Sarà stato l’ostracismo del potere comunista, con le apparenti ambiguità dovute al travaglio ch’egli ha dovuto affrontare durante il regime, o l’essersi trovato a cavallo fra moderno e contemporaneo, senza appartenere a un preciso capitolo della storia della musica, fatto sta che il ritardo con cui il pubblico, italiano ma non solo, ha scoperto la grandezza di Šostakovič è veramente singolare. Il “moderno” possiamo immaginare che cominci con Puccini, Mahler, Debussy e Strauss, tutti nati intorno al 1860, che prosegua con Rachmaninov, Schönberg, Ravel, Stravinskij, Webern e Berg – tutti nati a cavallo del 1880 – e che forse si concluda con Prokof’ev, nato nel 1891. I “contemporanei” – se si possono ancora chiamare così, ma ovviamente oggi non son più loro – vengono più di trent’anni dopo, una generazione: Berio è del 1925, Stockhausen del 1928. Tra gli uni e gli altri, nel 1906, nasce Šostakovič ed è curioso osservare che nel 1943 – l’anno della Ottava Sinfonia, quando aveva solo trentasette anni – molti “moderni” erano ancora vivi, più maturi e più liberi di lui, ma nessuno ha avuto la stessa tremenda consapevolezza degli orrori di quella guerra.

Oleg Caetani ha dato prova di una grandissima professionalità: senza bacchetta, con un gesto preciso, autorevole ma non burocratico, di chi non comanda ma sostiene, partecipa, si sente primus inter pares, soprattutto di chi non si cura della propria immagine – se non per la naturale eleganza – ma sta dalla parte della musica, sia quando racconta la leggerezza e la grazia schubertiana, sia quando descrive gli abissi del compositore russo.

Ci piacerebbe chiedere a Caetani come si è trovato con laVerdi nel dirigere questa Ottava; a noi è sembrato in perfetta simbiosi, con l’orchestra che lo ha seguito con una duttilità e una partecipazione sorprendenti, soprattutto tenendo conto della complessità dell’opera sia sul piano interpretativo che su quello esecutivo.

***

Milano ci ha regalato una ricchissima settimana di musica; non parliamo della Traviata – a nostro avviso musicalmente poco interessante a prescindere dalla orribile regìa di cui si è già fin troppo detto e scritto – con cui si è inaugurata la stagione della Scala, ma abbiamo avuto due “concerti in chiesa” di grandissima qualità e uno più interessante e piacevole dell’altro:

* lunedì 9 in Sant’Eustorgio i Solisti di Pavia hanno eseguito per il Museo Diocesano quattro concerti per violoncello e orchestra, due di Vivaldi e due di Carlo Filippo Emanuele Bach con il loro fondatore Enrico Dindo nelle vesti di direttore e di solista

* martedì 10 in San Marco il Messiah di Händel eseguito dai famosi Amsterdam Baroque Orchestra & Choir diretti da Ton Koopman, con J. Zomer soprano, M. Engeltjes alto, J. Dürmüller tenore e K. Mertens basso

Infine vorremmo segnalare un evento molto significativo per gli amanti della musica colta: Venerdì 13 alle ore 18, all’Auditorium di Largo Mahler, sarà presentato il nuovo volume “Offerta Musicale” di Enzo Beacco, una storia della musica fresca di stampa, raccontata in modo non tradizionale e un po’ sorprendente.

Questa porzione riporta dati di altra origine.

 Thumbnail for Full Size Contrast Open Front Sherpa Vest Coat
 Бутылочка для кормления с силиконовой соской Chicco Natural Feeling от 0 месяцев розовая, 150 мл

L’autore sceglie e mette in ordine cronologico i pezzi o gli eventi musicali che ritiene essere le pietre miliari della millenaria storia della musica occidentale e, attraverso e intorno ad essi, ricostruisce la progressione e l’evoluzione del pensiero, della tecnica, del senso ultimo della musica. Un vademecum per trovare risposte non conformiste e non scontate alle tante domande che – chi la musica l’ascolta con interesse – si pone in continuazione. Assolutamente da non perdere.